Blog
Infrastructure as Code for Data Engineers: Terraform Patterns for Data Platforms
Ryan Kirsch · January 2, 2026 · 8 min read
Data platform configuration -- warehouses, schemas, roles, S3 buckets, Kafka topics -- accumulates over time in ways that become impossible to track manually. Someone creates a warehouse for a project, forgets to set auto-suspend, and six months later it is still running at full cost. Someone grants a role manually, and six months later no one knows why it exists. Infrastructure as code is how you prevent this.
Why Data Engineers Should Care About Terraform
Terraform is a tool that declares infrastructure as code and applies changes idempotently. You describe what you want to exist, and Terraform calculates the diff between current state and desired state, then applies only the necessary changes.

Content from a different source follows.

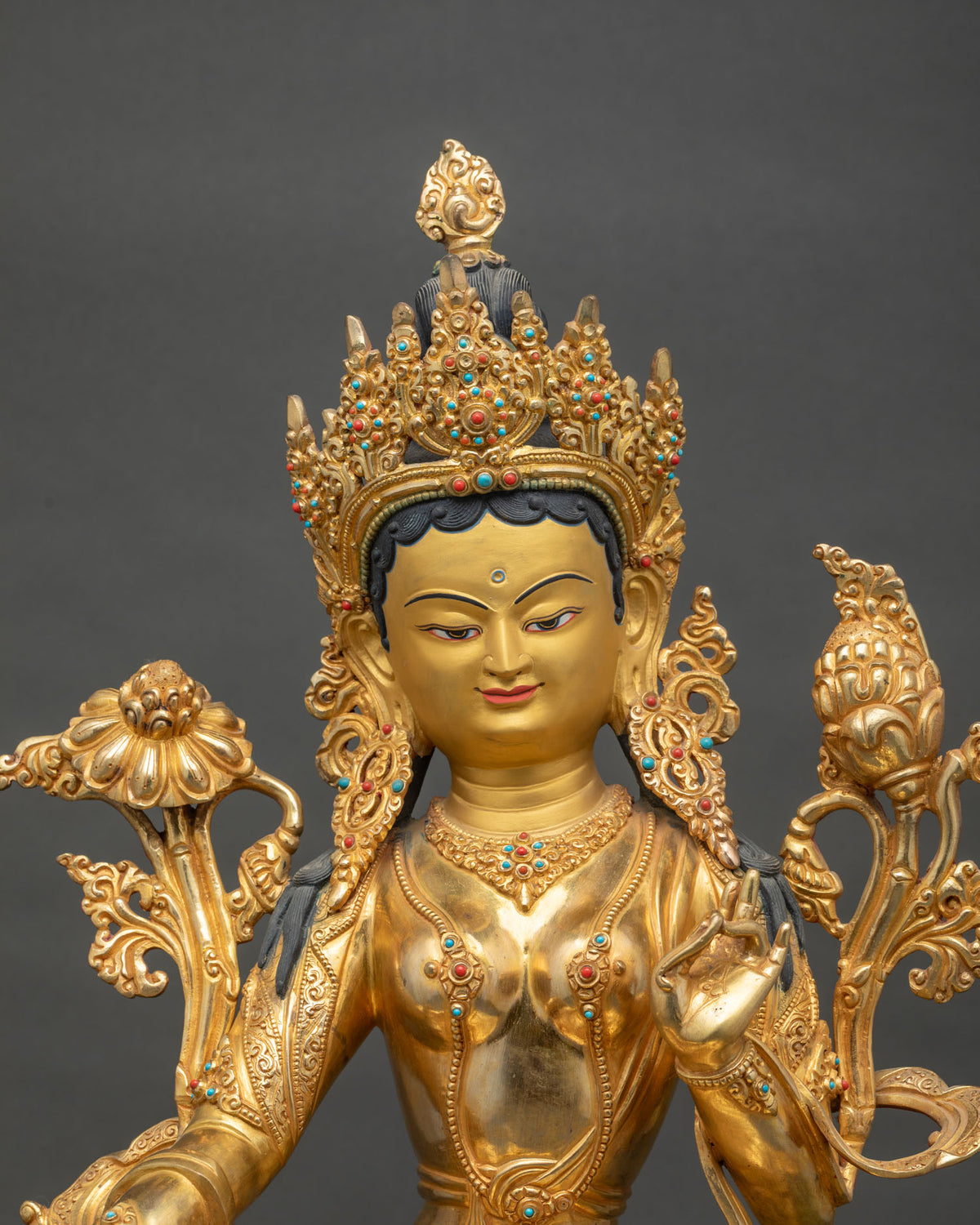 Green Tara statue close up with jeweled crown, gold face and lotus flowers at shoulders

For data engineers, the value is:
- Reproducibility. A new environment (staging, dev) is provisioned by running
terraform apply, not by manually recreating warehouse configurations, schemas, and permissions. - Change visibility. Every infrastructure change goes through a pull request. Someone can see that a new role was granted, a warehouse was resized, or a schema was created -- with the context of why.
- Drift prevention. Terraform detects and reports when someone has manually changed infrastructure outside of code. Configuration drift is caught before it causes failures.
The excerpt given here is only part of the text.